Cornyn also told Akin that, by staying in the race, he is endangering Republicans’ hopes of retaking the majority in the Senate, the aide said.
And now I’m seeing that Karl Rove’s Crossroads PAC is pulling funding from the Missouri Senate race. This is serious.
Several elements of the Republican Party are pressuring Akin to drop out of his Senate race against Claire McCaskill. Nate Silver says Akin may have just handed to election to McCaskill.
This incident could serve to make the public aware of Romney-Ryan’s extremist views on abortion, which hasn’t come up that much so far.

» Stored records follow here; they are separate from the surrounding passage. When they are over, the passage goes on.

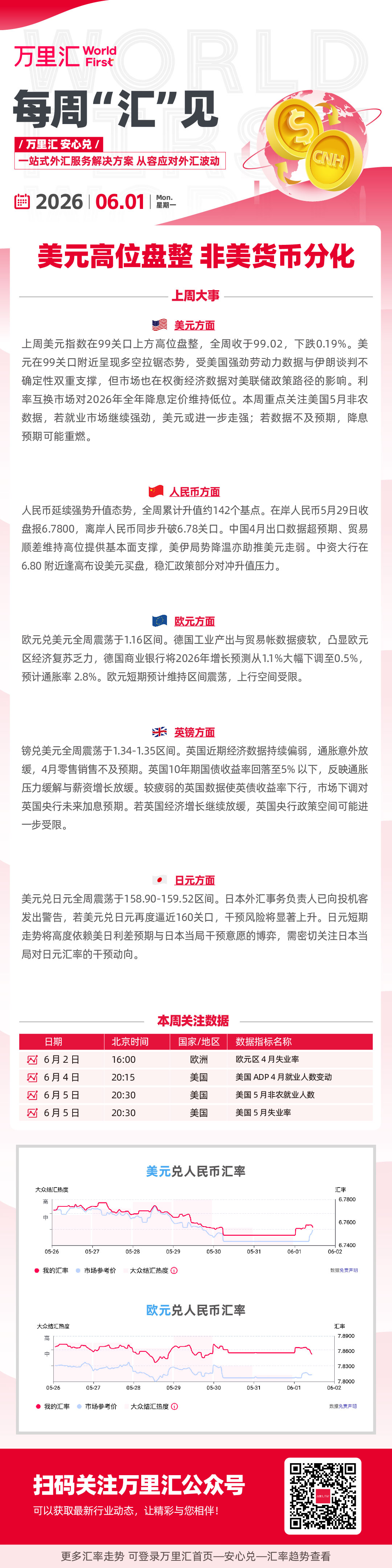 0601每周汇见-01.jpg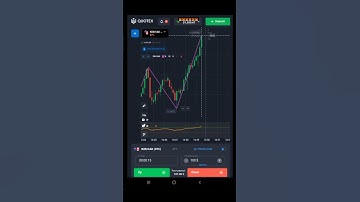 15s STRATEGY 🚀🚀#quotex #shortvideo #short #bineryoptiontrading #binaryoptions #finance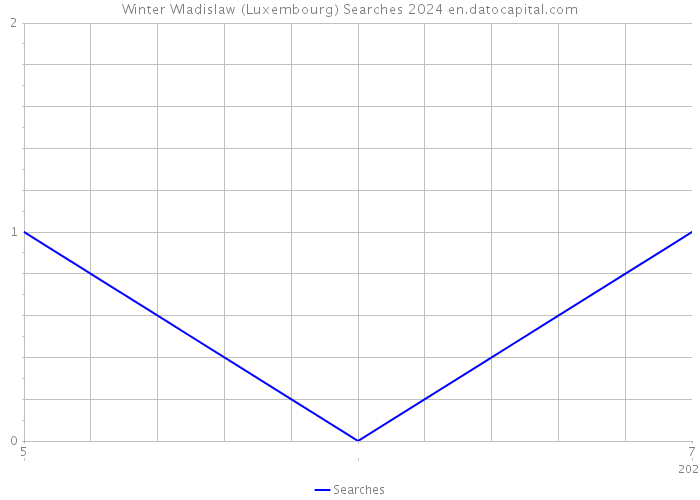 Winter Wladislaw (Luxembourg) Searches 2024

The Romney-Ryan campaign has tried to distance itself from Akin, but the Obama campaign released this statement this morning:
“While Mitt Romney and Paul Ryan are working overtime to distance themselves from Rep. Todd Akin’s comments on rape, they are contradicting their own records. Mr. Romney supports the Human Life Amendment, which would ban abortion in all instances, even in the case of rape and incest. In fact, that amendment is a central part of the Republican Party’s platform that is being voted on tomorrow. And, as a Republican leader in the House, Mr. Ryan worked with Mr. Akin to try to pass laws that would ban abortion in all cases, and even narrow the definition of ‘rape.’ Every day, women across America grapple with difficult and intensely personal health decisions—decisions that should ultimately be between a woman and her doctor. These decisions are not made any easier when Mr. Romney and Mr. Ryan treat women’s health as a matter of partisan politics.”
So, you know Obama is going to hang Todd Akin around RR’s lying little necks.
Ryan and Akin largely agree when it comes to abortion rights. Both believe abortion should be illegal even in the case of rape and incest. Both were co-sponsors of H.R. 3, the 2011 bill that would have limited the federal abortion coverage exemption only to victims of “forcible rape” and women whose physical health was in danger from her pregnancy, closing a supposed loophole in health-of-the-mother exemptions conservatives have been crowing about for years.
After massive vocal protest from women’s rights advocates, the sponsors dropped the “forcible rape” language from the bill, giving up their quest to redefine rape in the federal code with little explanation.
But while the Republicans are running from Akin and his “legitimate rape” comments as fast as they can, the Fetus People are standing firm with Akin. So seems to me RR is in a tough position — run too far from Akin, and they may leave a chunk of their base behind.
For the record, Sarah Kliff writes,
Research published in the Journal of American Obstetrics and Gynecology suggests over 30,000 pregnancies result from rape annually. “Rape-related pregnancy occurs with significant frequency,” the trio of researchers from the University of South Carolina concluded. “It is a cause of many unwanted pregnancies.”
A separate 2001 study – which used a sample of 405 rape victims between ages 12 and 45 – found that 6.4 percent became pregnant.